The story of 2010 in the potash industry no doubt belongs to the BHP-Potash (BHP) (POT) saga. The deal that captivated the world also highlighted the fact that the industry itself is already consolidated and offers investors large "pure plays" in the sector. The deal also brought attention to this very cozy industry where the companies are all partnered up in cartels and the few small independents really are not all that independent as their shares are owned by the big boys.
Cargill and Mosaic (MOS) announced that the 64% controlling stake held by Cargill will be distributed to its shareholders, thus putting Mosaic into play. Potash Corporation of Saskatchewan may be big enough to go it alone, and literally pushed potential suitors away, but Mosaic might be a better fit for a diversified miner due to its size and new ownership structure. The barbarians are still at the gate, and some of the world’s largest miners want into the potash business in a bad way, making this news the potential story of 2011.
Cargill has decided to spin-off the Mosaic shares in an attempt to keep restless shareholders at bay and allow themselves to remain private. This move probably paves the way for a Mosaic takeover bid, while at the same time enabling those Cargill shareholders to monetize this asset either now or at higher prices in the future. Ironically, this deal will most likely enable those same shareholders to demand an IPO of Cargill in the future as they look to monetize that asset as well and our long-term guess is that this move will ultimately result in both companies eventually changing hands.

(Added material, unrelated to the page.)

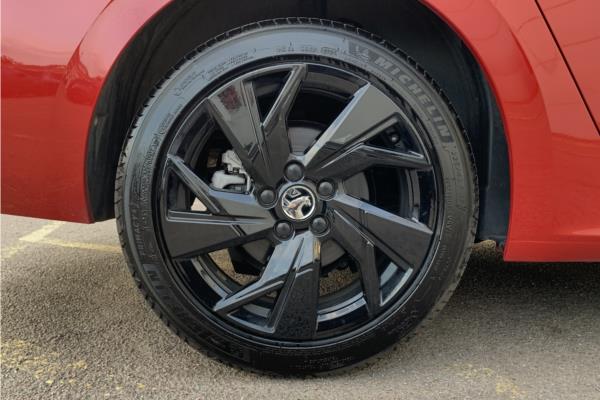 2024 VAUXHALL ASTRA - Jet Black Greta, photo 20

BHP has made public the fact that it wanted to become one of the largest potash miners in the world. Potentially the company could have two huge mines coming online over the next decade (one is definitely going to be built, the other is in the final stages before plans are made). However they have indicated through their overtures to Potash Corp., along with various rumors over the years regarding others including Mosaic, that they would also be interested in making a purchase. Obviously the world’s largest and smartest miner believes that physical potash prices are going up, thus the desire to jump into the business right now rather than having to wait for mines to be built.
The real winners from this announcement are Mosaic’s minority shareholders. Currently the stock trades without a takeover premium factored in as they are controlled by a large corporation, providing protection from those wanting to mount a serious takeover bid. With all of the BHP-Mosaic rumors that have been constantly turning up over the years, it is quite possible that Cargill had to turn them away multiple times.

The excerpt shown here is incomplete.